AFL great Warren Tredrea is suing his former TV bosses at Channel Nine after a furious row exploded when he was ordered to get a Covid jab.

But after the former Port Adelaide Football Club captain refused, he claims he was banned from the studios and booted out of his $192,500-a-year job.

Now the 43-year-old footy hero has launched legal action in the federal court against Channel Nine South Australia for ‘breach of contract’.

He insists he is ‘pro choice’ and not an anti-vaxxer, and said at the time of the row: ‘I’m fully vaccinated… but I’m not Covid vaccinated.

‘Everyone is entitled to what they want to do because it’s your body.’

Nine SA told staff a year ago they had to get both Covid jabs by December last year if they wanted to enter the premises, with workers required to prove their status with a digital certificate.

But the AFL Hall of Fame star refused to comply with the orders and says he was subsequently axed mid-contract on January 4 this year.

He had refused to back down in the row and said he was entitled to choose whether or not to be vaccinated.

A clause in Tredrea’s contract said he had to follow ‘all reasonable directions’ of the network – but the player-turned-presenter insists the mandatory Covid vaccinations were unreasonable.

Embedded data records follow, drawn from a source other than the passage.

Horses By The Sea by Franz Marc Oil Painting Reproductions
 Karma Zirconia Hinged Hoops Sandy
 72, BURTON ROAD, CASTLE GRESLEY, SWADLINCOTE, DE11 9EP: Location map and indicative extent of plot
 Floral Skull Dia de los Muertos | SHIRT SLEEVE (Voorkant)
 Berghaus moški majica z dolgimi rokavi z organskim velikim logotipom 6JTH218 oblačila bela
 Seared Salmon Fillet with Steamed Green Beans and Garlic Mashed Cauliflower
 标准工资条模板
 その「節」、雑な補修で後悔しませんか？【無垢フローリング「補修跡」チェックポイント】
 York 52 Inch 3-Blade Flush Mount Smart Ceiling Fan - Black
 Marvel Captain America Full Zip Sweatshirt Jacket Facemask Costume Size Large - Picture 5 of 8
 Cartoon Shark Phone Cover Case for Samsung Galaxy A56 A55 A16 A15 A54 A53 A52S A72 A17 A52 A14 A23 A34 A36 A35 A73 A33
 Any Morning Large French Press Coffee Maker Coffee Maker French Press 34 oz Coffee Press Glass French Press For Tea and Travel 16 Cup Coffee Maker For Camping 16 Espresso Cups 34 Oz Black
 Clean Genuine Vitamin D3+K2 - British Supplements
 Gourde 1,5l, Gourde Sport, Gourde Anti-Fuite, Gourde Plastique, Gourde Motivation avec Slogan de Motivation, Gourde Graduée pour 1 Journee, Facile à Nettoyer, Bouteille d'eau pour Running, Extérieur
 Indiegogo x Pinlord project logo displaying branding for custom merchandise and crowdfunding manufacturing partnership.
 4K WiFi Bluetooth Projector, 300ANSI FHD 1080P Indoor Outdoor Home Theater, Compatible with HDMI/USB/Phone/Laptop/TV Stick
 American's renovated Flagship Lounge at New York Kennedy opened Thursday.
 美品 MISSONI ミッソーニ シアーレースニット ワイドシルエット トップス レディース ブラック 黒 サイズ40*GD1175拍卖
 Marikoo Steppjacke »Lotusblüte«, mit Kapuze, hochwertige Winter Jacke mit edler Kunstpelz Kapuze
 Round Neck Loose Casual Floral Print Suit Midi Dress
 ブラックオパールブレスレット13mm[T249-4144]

‘It’s everyone’s individual situation and choice. So if a player doesn’t want to do it, that’s fine, that’s their decision,’ he said at the time.

‘You shouldn’t be able to lose your employment.’

He added: ‘I’m not an anti-vaxxer, and I’m not a doctor, and I’m not trying to make out I am.

‘That’s all I’ll say – make your own choice and do your own homework.’

Tredrea claims his refusal to be jabbed was not serious misconduct, and he did nothing which could ’cause damage to the reputation or business of his employer.

He is now seeking damages for breach of contract and claims the job loss cost him $176,458.32 plus GST in lost income.

Tredrea – who won the club’s first Premiership with their 2004 grand final victory – is demanding the value of the outstanding amount left on his two-year deal and the lost opportunity to renew his agreement later this year.

His papers filed to the court say he is ‘popularly regarded as one of the if not the club’s greatest player in the AFL,’ reports the Adelaide Advertiser.

But Tredrea questioned the effectiveness and the need for vaccines.

His claim to court insists a non-vaccinated person with the Delta or Omicron variant had a similar risk to passing the virus on as a jabbed person did.

And he claims there is a very low risk of mortality and serious disease to other workers.

His statement of claim also alleges there was an increased risk of certain medical conditions associated with the AstraZeneca, Pfizer and Moderna vaccines.

The court documents say there were other options the company could have used to facilitate non-vaccinated people.

This included improving ventilation, social distancing and using RAT tests.

Both Tredrea and Nine declined to comment on the legal action.

But at the time of the work ban for unvaccinated staff, the TV network said it was for the ‘health and safety of our people and the continuity of operations.

‘As such, we are working to implement processes in our workplaces to ensure we have positive confirmation of vaccination status for everyone who comes onto our sites around the country from December 1 to ensure we are operating within the relevant health regulations.’